Oliver Mangan: Even a bare-bones Brexit deal would be preferable at this point

The EU-UK trade talks have made very little progress over the first half of the year.
Oliver Mangan: Even a bare-bones Brexit deal would be preferable at this point

The UK has ruled out any extension to the Brexit transition period beyond the end of 2020. Picture: Stefan Rousseau/PA Wire
The UK has ruled out any extension to the Brexit transition period beyond the end of 2020. Picture: Stefan Rousseau/PA Wire

The EU-UK trade talks have made very little progress over the first half of the year.

The trade negotiations have been fractious, with neither side prepared to give any ground.

This has been one of the factors behind the renewed weakening of sterling, with the euro climbing above the 91p level recently from 84p earlier in the year.

The UK has ruled out any extension to the Brexit transition period beyond the end of 2020 that would allow the negotiations to be prolonged into next year.

Thus, markets have been concerned that we could be heading for another cliff-edge Brexit date in December, with a growing risk that a trade deal will not be agreed, effectively triggering a hard Brexit at the start of 2021.

More recently, though, there has been some signs of movement on both sides.

Meetings this month between the British prime minister and a number of EU leaders would appear to have added fresh impetus to the talks.

“Intensified”, negotiations that will include some face-to-face meetings, have commenced and are set to continue during July, before hopefully resuming in September.

A trade deal would need to be finalised by October to allow sufficient time to have it ratified by the end of the year and take effect from January 1 2021.

The issue of regulatory alignment and a level playing field on trade has been a major stumbling block in the negotiations.

There have been signals from the EU recently that it could be prepared to soften its stance on this, especially regarding state-aid rules.

Meanwhile, the UK may be prepared to accept some form of common minimum regulatory standards that would still allow it to set its own rules subject to this constraint.

Both sides seem keen to conclude some form of trade deal.

Neither will want to endanger a recovery in activity next year from the current very deep recession, by heaping tariffs and trade restrictions on businesses, risking a fresh economic shock.

Agreement on the other main issues in the talks—fisheries rights, co-operation on security arrangements and governance via some form of disputes resolution mechanism, should be easier to achieve if real progress is made in the negotiations on trade over the summer.

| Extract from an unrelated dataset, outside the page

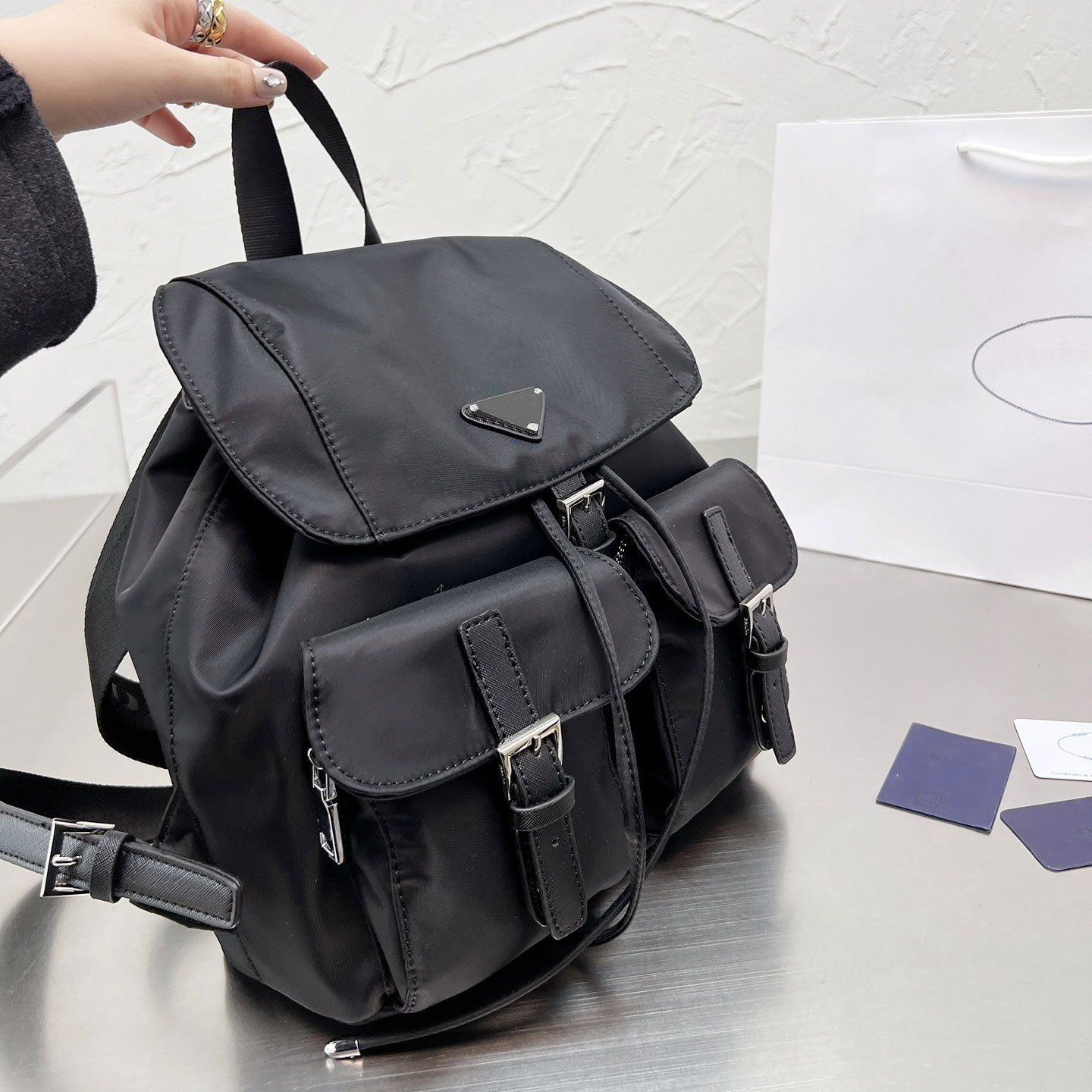 Luxury Designer Bags Backpack Shoulder Black Classic Letter Backpack Travel Office Bag 30-28cm Tops Quality Large Capacity plain canvas for men and women very goods
Luxury Designer Bags Backpack Shoulder Black Classic Letter Backpack Travel Office Bag 30-28cm Tops Quality Large Capacity plain canvas for men and women very goods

Given the limited time remaining for the negotiations, however, it looks like it will be just a minimal trade deal, largely focused on avoiding the imposition of tariffs and quotas on goods.

It is unlikely to extend to the services sector, the main export engine of the UK economy, most notably financial services.

It will be a pale shadow of the current Single Market and, indeed, the comprehensive free trade deal that was promised at the time of the Brexit referendum in 2016.

Trade will be far from frictionless under a free trade agreement, with increased administration, compliance and delays, all bringing extra costs.

Businesses will need to prepare for such a markedly changed trading relationship with the UK.

However, even a minimal trade deal would limit the immediate economic shock of Britain leaving the Single Market.

It should also provide the basis for continuing cordial relations and could be built on in future talks in the years ahead.

In this instance, half a loaf is certainly better than none at all.

Even just a ‘bare-bones’ trade deal should allow sterling recover some of the ground it has lost since earlier in the year.

However, the gains by the currency may be limited as the UK’s departure from the EU Single Market for a new much inferior trading relationship will inhibit the growth of the economy over the medium term.

Thus, the euro may only fall back to around the 87p-88p level, above the 83p-85p range it occupied in January and February.